Про современных солистов, взявшихся воплощать в нынешних реалиях образец «наилучших в Европе опер», уже не скажешь, что они «нигде в чужих краях не бывали», однако уровень сложностей, а главное, та решимость и конечный результат заслуживают всяческого уважения.

Настоящей звездой постановки стала сопрано Елизавета Свешникова, исполнившая роль Цефала (все основные мужские партии были травестийными). Для ее легкого и полетного голоса, казалось, не существовало никаких технических сложностей, все ослепительные рулады и фиоритуры прозвучали с филигранной точностью. Сопрано Юлия Хотай, взявшаяся за партию принцессы Прокрис, также достойно справилась с весьма непростыми вокальными задачами, продемонстрировав необходимую трепетность и трогательную нежность. В финальном ансамбле из второго акта «Смягчи свой гнев, богиня» от кружения в стремительном темпе безупречно интонируемых главными героями терций захватывало дух. Яркую актерскую харизму показали исполнительница роли богини Авроры Варвара Турова и воплотившая образ колдуна Тестора Жанна Афанасьева.

За театральную часть оперы отвечали постановщик Данила Ведерников, продумавший сложную систему жестов у певиц, и немецкий знаток старинных танцев Клаус Абромайт, вместе с руководимым им «Барочным балетом Анджолини» представивший изысканные танцевальные па в стиле картин рококо. Кутюрье Лариса Погорецкая одела героев в костюмы и платья с кринолином по моде XVIII века, делавшие героев похожими на изящные фарфоровые статуэтки. Все действо происходило без единого намека на какие-либо декорации в совершенно пустом пространстве сцены Эрмитажного театра, где на темном фоне прожектор высвечивал персонажей. Это было, пожалуй, главным визуальным минусом «премьеры реконструкции».
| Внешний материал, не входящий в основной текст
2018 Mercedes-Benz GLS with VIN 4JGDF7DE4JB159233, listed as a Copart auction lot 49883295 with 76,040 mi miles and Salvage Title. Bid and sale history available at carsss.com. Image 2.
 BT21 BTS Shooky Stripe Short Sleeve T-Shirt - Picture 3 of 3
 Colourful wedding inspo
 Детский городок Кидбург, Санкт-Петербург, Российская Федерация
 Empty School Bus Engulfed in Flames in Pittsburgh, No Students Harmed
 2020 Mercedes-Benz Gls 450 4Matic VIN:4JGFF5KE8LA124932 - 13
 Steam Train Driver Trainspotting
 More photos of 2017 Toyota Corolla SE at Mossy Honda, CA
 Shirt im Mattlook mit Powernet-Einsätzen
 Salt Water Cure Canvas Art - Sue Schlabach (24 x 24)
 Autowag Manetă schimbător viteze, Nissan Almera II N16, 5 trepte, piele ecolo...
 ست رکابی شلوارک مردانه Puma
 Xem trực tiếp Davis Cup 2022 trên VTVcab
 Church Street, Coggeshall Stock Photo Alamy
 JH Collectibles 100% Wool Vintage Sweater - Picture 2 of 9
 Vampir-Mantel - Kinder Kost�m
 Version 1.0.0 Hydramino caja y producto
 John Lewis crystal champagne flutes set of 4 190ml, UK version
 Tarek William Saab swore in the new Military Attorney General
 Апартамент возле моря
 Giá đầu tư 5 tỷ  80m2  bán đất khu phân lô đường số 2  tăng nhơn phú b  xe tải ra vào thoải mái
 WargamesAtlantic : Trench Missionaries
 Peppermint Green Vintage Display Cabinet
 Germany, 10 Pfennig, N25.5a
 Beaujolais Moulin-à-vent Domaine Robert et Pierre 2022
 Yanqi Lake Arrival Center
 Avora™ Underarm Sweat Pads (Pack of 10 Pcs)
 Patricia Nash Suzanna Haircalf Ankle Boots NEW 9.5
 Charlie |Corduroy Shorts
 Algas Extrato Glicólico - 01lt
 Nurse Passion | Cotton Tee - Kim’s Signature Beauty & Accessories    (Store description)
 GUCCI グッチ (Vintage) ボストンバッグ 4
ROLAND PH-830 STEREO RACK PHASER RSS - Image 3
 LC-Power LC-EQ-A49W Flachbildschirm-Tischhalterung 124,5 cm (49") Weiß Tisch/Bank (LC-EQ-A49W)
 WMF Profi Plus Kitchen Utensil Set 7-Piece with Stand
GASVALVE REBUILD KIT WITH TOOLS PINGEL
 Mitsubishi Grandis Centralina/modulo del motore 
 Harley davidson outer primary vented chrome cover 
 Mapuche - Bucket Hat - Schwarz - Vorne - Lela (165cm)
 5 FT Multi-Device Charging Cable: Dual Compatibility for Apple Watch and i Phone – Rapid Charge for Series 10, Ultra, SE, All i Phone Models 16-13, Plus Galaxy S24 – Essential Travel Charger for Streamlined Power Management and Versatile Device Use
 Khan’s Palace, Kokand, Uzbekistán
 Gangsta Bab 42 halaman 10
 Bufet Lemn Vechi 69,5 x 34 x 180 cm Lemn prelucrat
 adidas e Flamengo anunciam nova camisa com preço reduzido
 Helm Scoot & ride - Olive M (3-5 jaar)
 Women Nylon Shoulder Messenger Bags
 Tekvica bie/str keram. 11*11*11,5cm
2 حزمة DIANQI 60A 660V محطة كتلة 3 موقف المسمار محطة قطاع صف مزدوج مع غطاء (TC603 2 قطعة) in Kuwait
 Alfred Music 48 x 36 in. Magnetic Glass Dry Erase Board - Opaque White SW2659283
В архивах Эрмитажа сохранились выполненные итальянским живописцем Джузеппе Валериани проекты роскошных декораций оперы с изображением садов и дворцов. Театральная машинерия в XVIII веке находилась на очень высоком уровне, и на жаждущую зрелищ публику всякие визуальные эффекты (вроде грома, молний, мгновенных превращений и изменений декораций) производили неизгладимое впечатление. Так, комментируя действие оперы, Сумароков писал, что «теятр пременяется, и преобращает день в ночь, а прекрасную пустыню, в пустыню ужасную». Понятно, что реконструировать старинные декорации сегодня – дело хлопотное и дорогостоящее, однако современный видеопроектор мог бы отчасти помочь делу.

Недоступной для постановщиков оказалась и оригинальная партитура Арайи, хранящаяся в Центральной нотной библиотеке при Мариинском театре, в итоге Андрей Пинюгин на основе клавира сделал собственную оркестровую редакцию для небольшого струнного состава «Солистов Екатерины Великой», которым вместе с первой скрипкой Андреем Решетиным в течение четырех с половиной часов пришлось держать музыкальную драматургию всего действа. Красоты, щедро рассыпанные пером Арайи, в камерном варианте, быть может, стали еще рельефнее, доносясь через пелену столетий в наш неспокойный век.